Au
cours des derniers jours, deux évènements se sont télescopés telle une
dissonance symbolisant la marche du monde. La 102ème journée
internationale du migrant et du réfugié organisée par le Vatican et la 45ème
rencontre de Davos en Suisse.
Les
premières journées internationale organisées par l’Eglise catholique dès avant la guerre de
1914 étaient principalement consacrées à la question des migrations italiennes
à travers le monde et à l’accueil, le plus souvent hostile, que ces populations
recevaient dans les pays européens comme aux Etats-Unis. En butte à la
xénophobie, à des conditions très pénibles, effectuant les tâches les plus
dures, confrontées à une vie dégradante, logeant dans des taudis et des
baraquements de fortune, les premières migrations humaines industrielles
n’avaient rien à envier à celles d’aujourd’hui.
Depuis
les premiers temps de l’histoire de l’industrie moderne, comme s’il y avait une
continuité historique dans les migrations, des centaines et des centaines de
millions d’individus ont été déplacés pour y peupler les usines, les mines, les
baraquements insalubres où des hommes devaient reconstituer leur force de
travail.
Aujourd’hui
la situation des migrants n’a guère changé. Peut-être même a-t-elle empiré et
très fortement augmenté ?
Jungle
de Calais où viennent souffrir dans la boue, sous les tentes et dans le froid,
des hommes, des femmes et des enfants.
Frontière
serbe, autrichienne ou tchèque où marchent péniblement dans la neige de longues
files d’êtres humains, fantômes de notre monde contemporain.
Frêles
embarcations sombrant corps et biens au large des côtes grecques, espagnoles ou
italiennes.
Voilà le spectacle quotidien
offert par notre planète.
Le Pape
sur la place Saint Pierre de Rome a rappelé dimanche dernier qu’à la racine de
l’Evangile se trouve l’accueil. Voir et répondre à la misère du monde est un
commandement impératif. Le pape François déclare : Plus que par le passé, l’Évangile de la
miséricorde secoue aujourd’hui les consciences, empêche que l’on s’habitue à la
souffrance de l’autre et indique des chemins de réponse qui s’enracinent dans l’espérance de la
charité.
Un
second évènement est intervenu : les rencontres de Davos en Suisse. Le forum économique mondial qui réunit
chaque année depuis 1971 en janvier des dirigeants de grandes compagnies
mondiales, des responsables politiques du monde entier, des intellectuels et
des journalistes, afin de débattre des problèmes les plus urgents de la planète.

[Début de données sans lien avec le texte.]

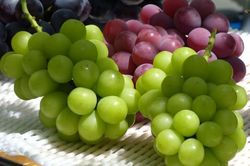 Nhật Bản khẩn cấp tăng cường 'lá chắn' pháp lý cho các giống cây quý vì một lý do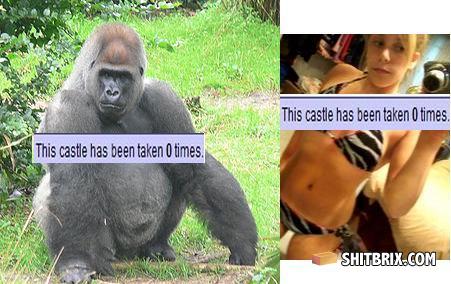 Same-thing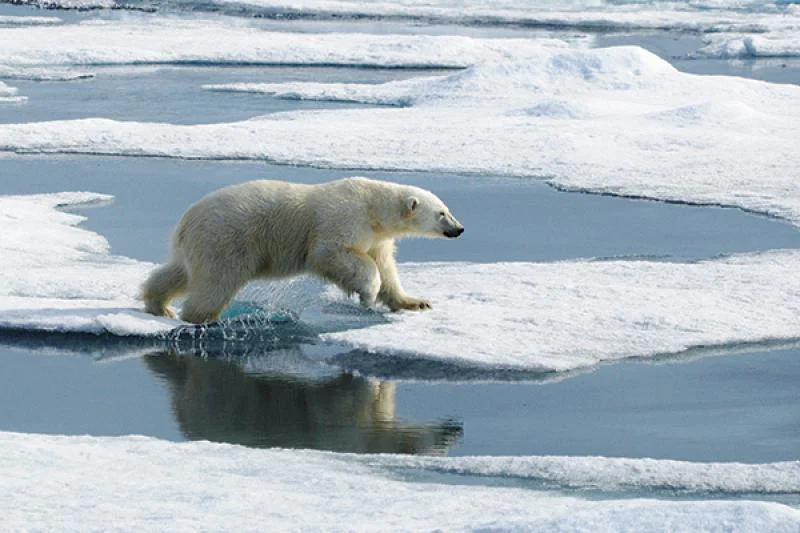 EXPEDITIONS 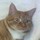 mary_joyce41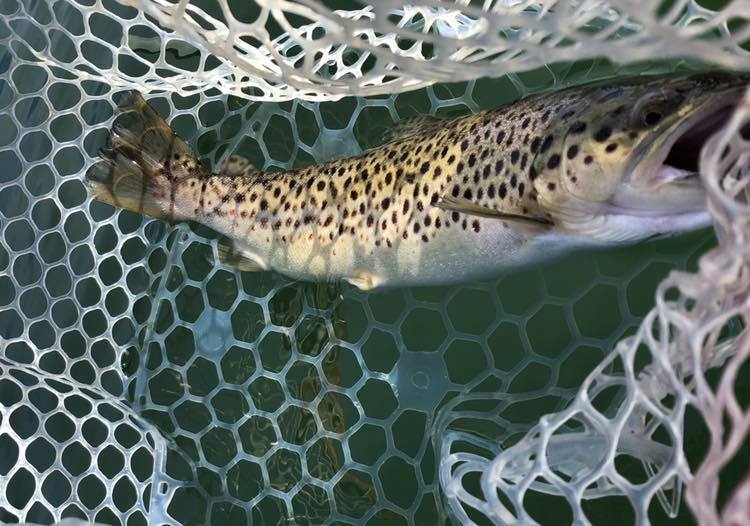 Brown Catch and Release at Lake Almanor 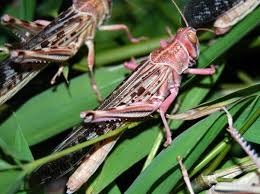 завантаження 28062024 1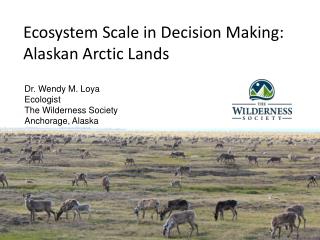 Ecosystem Scale in Decision Making: Alaskan Arctic Lands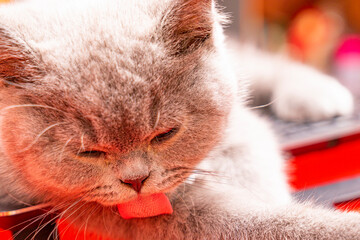 3 months old purebred british shorthair gray cat with brown eyes with backlit fur. 3 months old purebred british shorthair gray cat with brown eyes with backlit fur.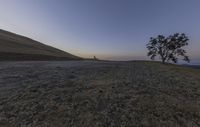 the lone tree sits on a grassy hill near an open plain at dusk time, and has long gone to its roots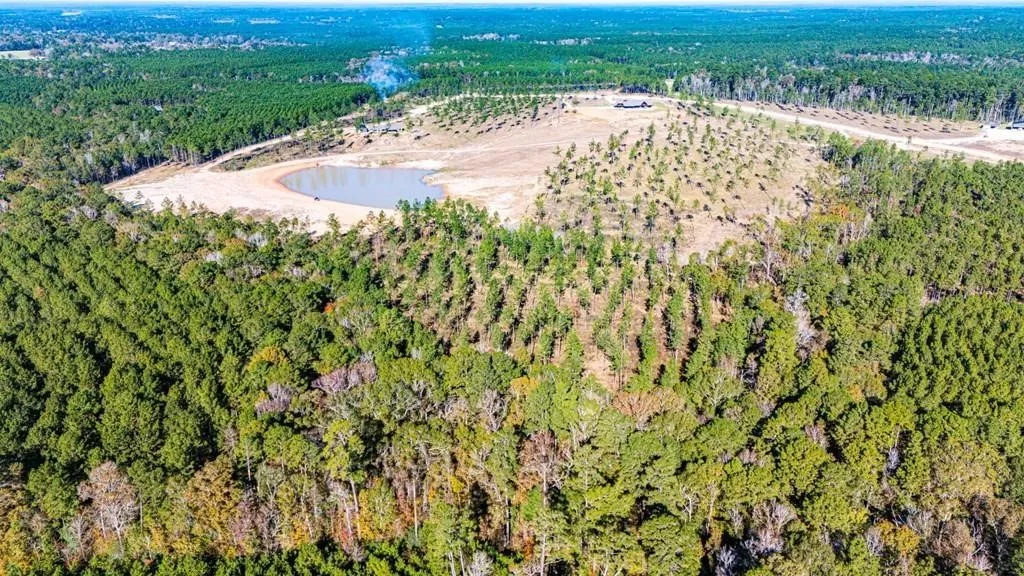 Unimproved Land For Sale in Polk County , 8 Big Buck Dr N, Moscow, Texas 75960, 0, 0, Garage spaces, 0 Sqft, built in 0, mls#21389099, Real Estate Agent in Moscow, Homes For Sale in Polk county, Homes For Sale in Moscow, Realtor in Moscow Texas, Real Estate Brokerage Independent Realty Texas, Luminita Cordes Realtor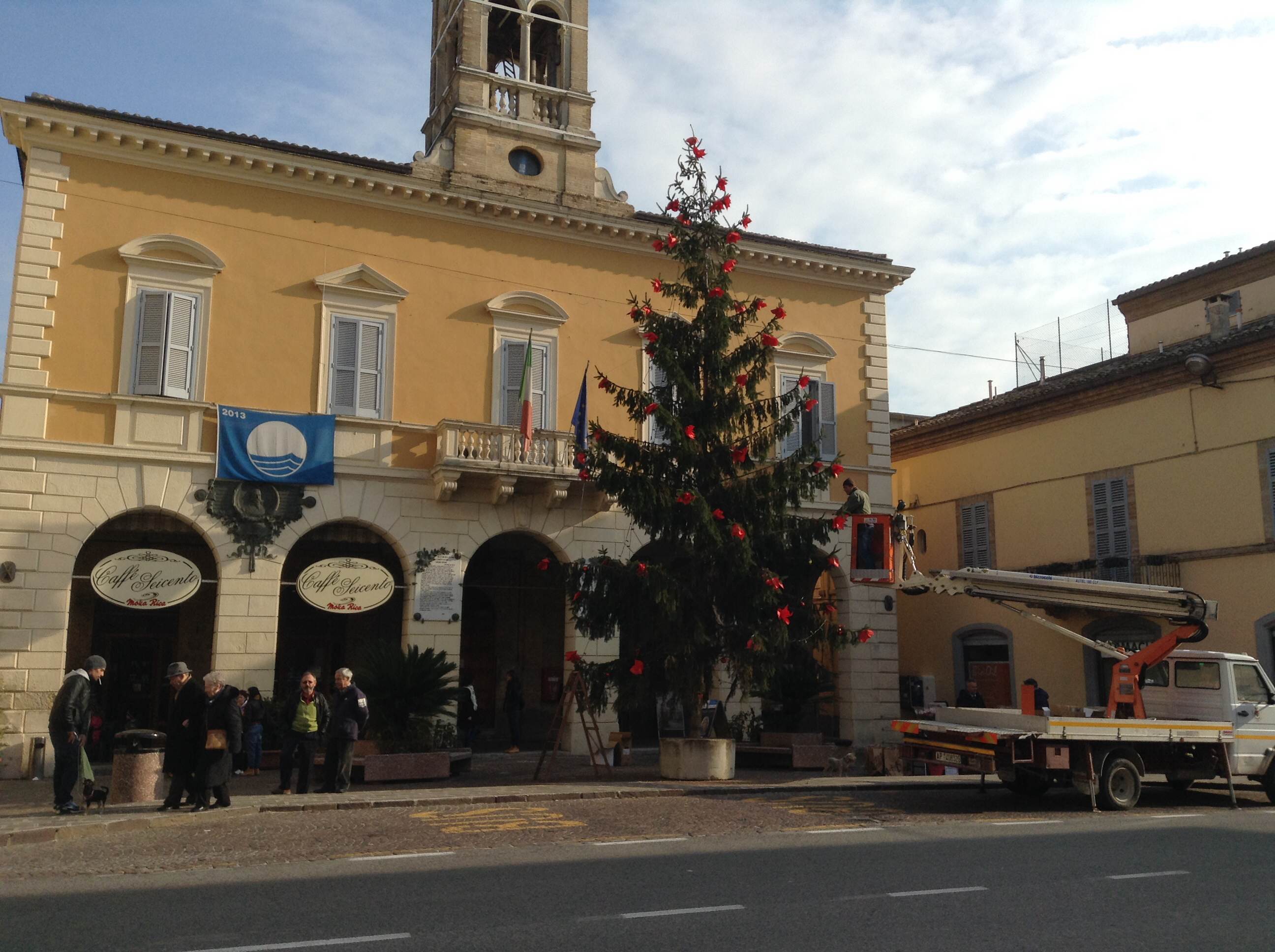 albero Cupra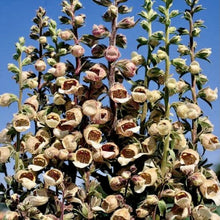 Načíst obrázek do prohlížeče Galerie, Náprstník vlnatý - "Café Crema"
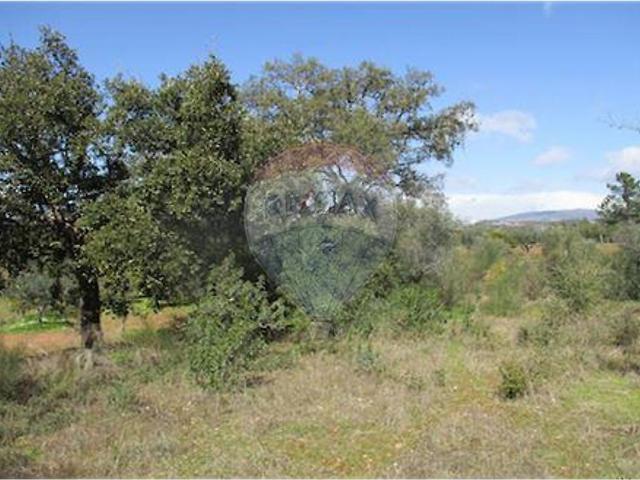 Quinta venda em Ninho do Açor, Castelo Branco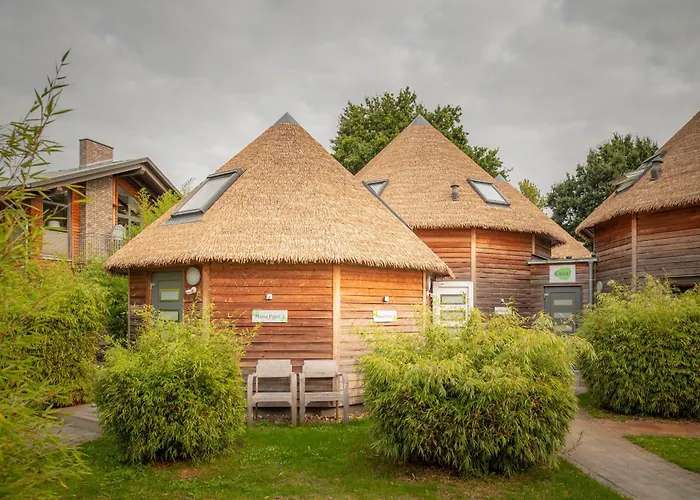 Typ C1 Mini - Mana Point 1 Hotel Pelzerhaken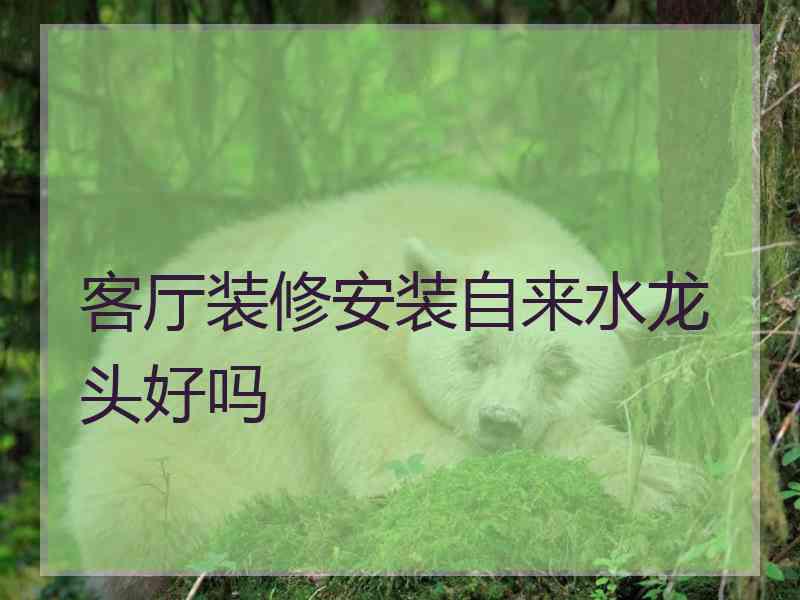 客厅装修安装自来水龙头好吗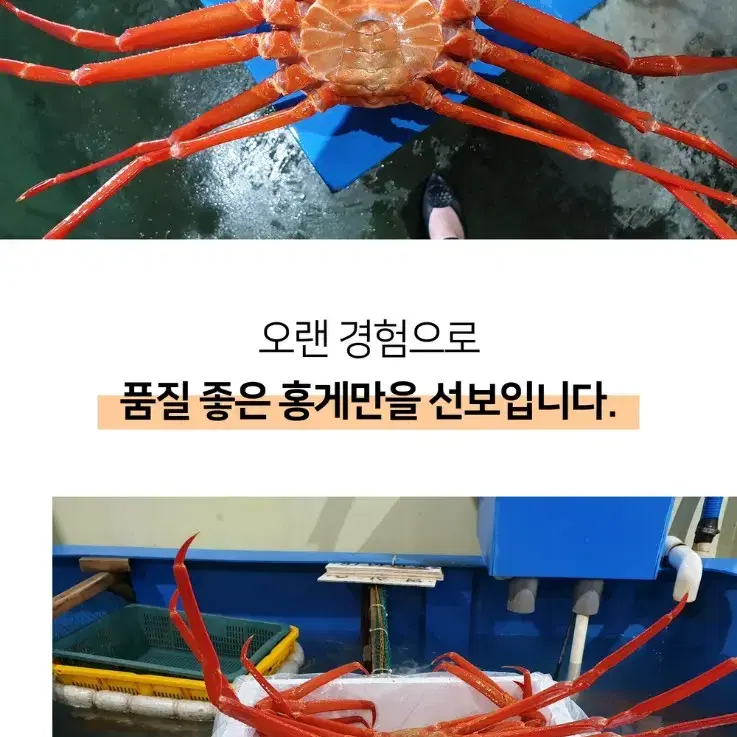 동해안 속초 자숙홍게 판매합니다.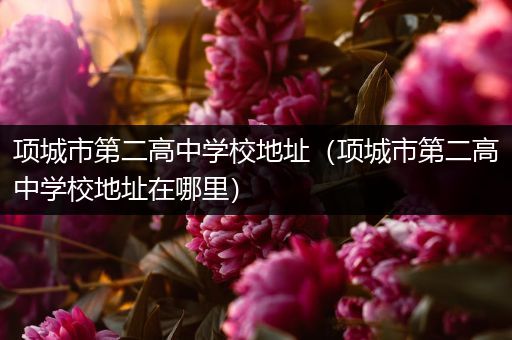 项城市第二高中学校地址（项城市第二高中学校地址在哪里）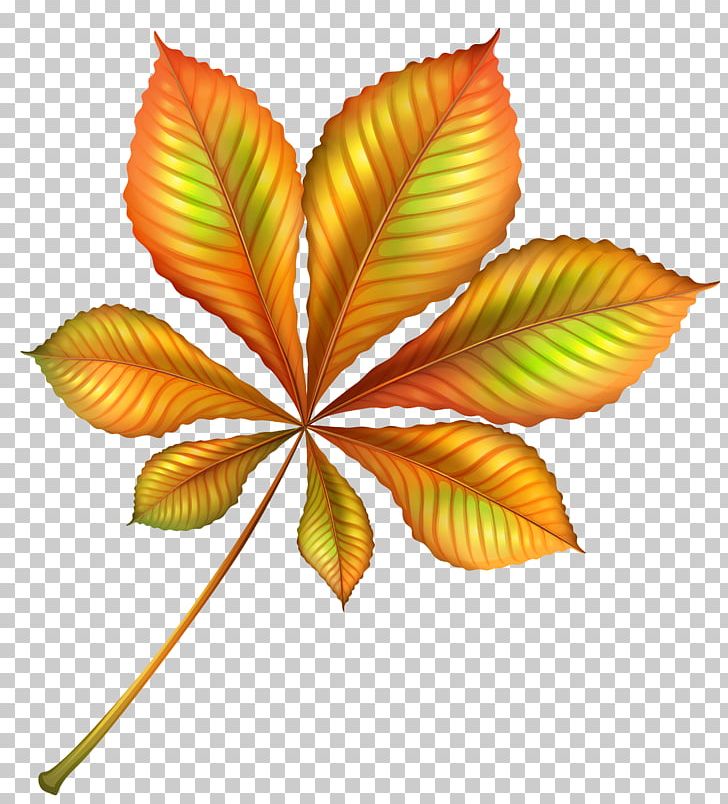 Beautiful Autumn Orange Leaf PNG, Clipart, Autumn, Autumn Leaf Color, Beautiful, Clipart, Color Free PNG Download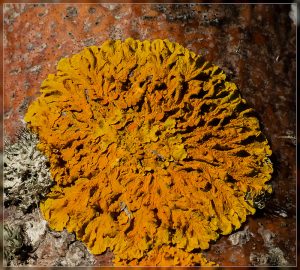 Maritime Sunburst Lichen, Xanthoria parietina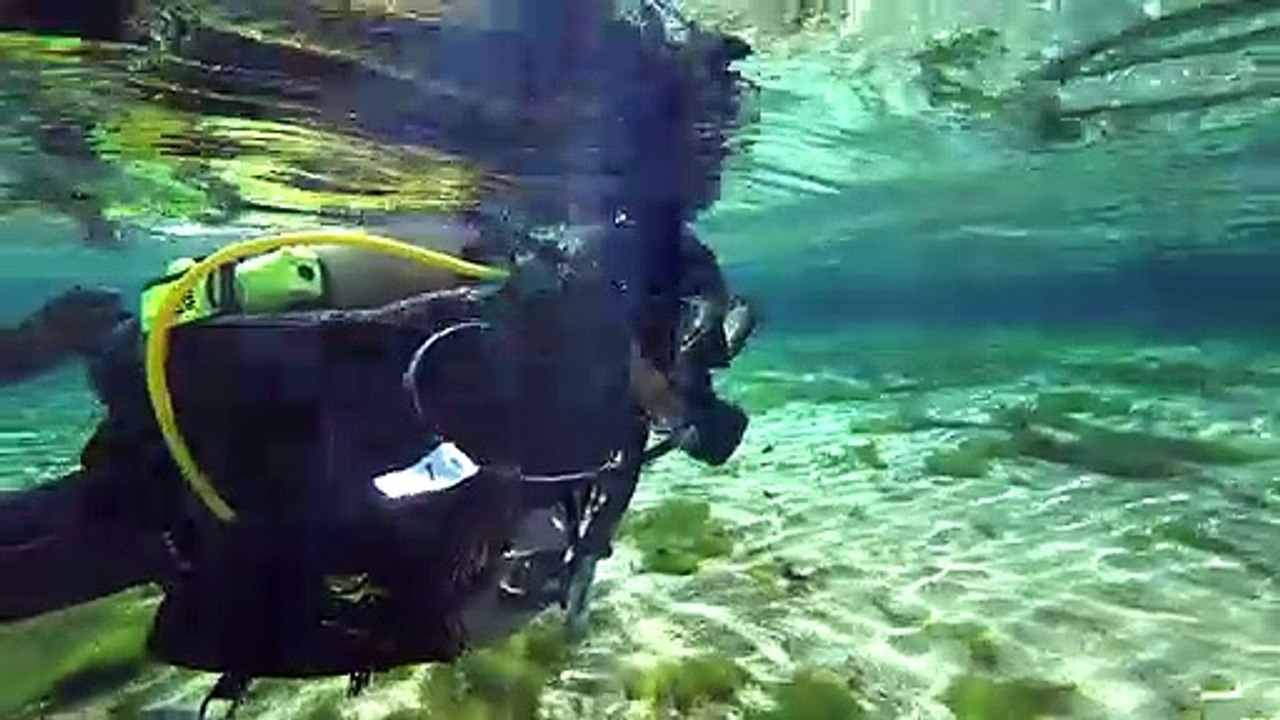 Bare Elate 5 mm Wetsuit | ScubaLab Best Buy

Donc une rencontre de ceux qui ont aujourd’hui le pouvoir de décider, qui d’ailleurs
prennent des décisions chaque jour et conduisent de fait la marche du monde.
Qui sont, même pour certains d’entre eux, élus pour cela, pour décider. Qui
sont nos représentants.
Or
la question est bien là ?
Comment
se fait-il qu’une même situation humaine perdure depuis presque deux
siècles ? En empirant, nous dit le pape François dans sa déclaration. N’y
a-t-il pas là un scandale historique qui devra bien un jour être véritablement
combattu et dont nous sommes en définitive collectivement responsables ?
N’y
a-t-il pas un extraordinaire aveuglement humain qui nous fait toujours chuter
dans le calcul froid et égoïste de l’unique et impitoyable liberté du système économique
actuel qui produit selon le dernier rapport de l’ONG Oxfam, des inégalités monstrueuses
jamais connues auparavant dans l’histoire de l’humanité.
L’homme
restera-t-il toujours le moyen pour qu’un autre homme puisse s’enrichir ?
L’homme
sera-t-il un jour considéré dans l’entièreté de sa personne, respectée comme
tel, comme une fin et non comme un moyen ?
Nous
sommes confrontés à un défi permanent qui nous impose depuis si longtemps de
penser ensemble à un autre monde possible, à une autre humanité. Seule la
perspective d’un autre possible, redonnera espoir à la famille humaine.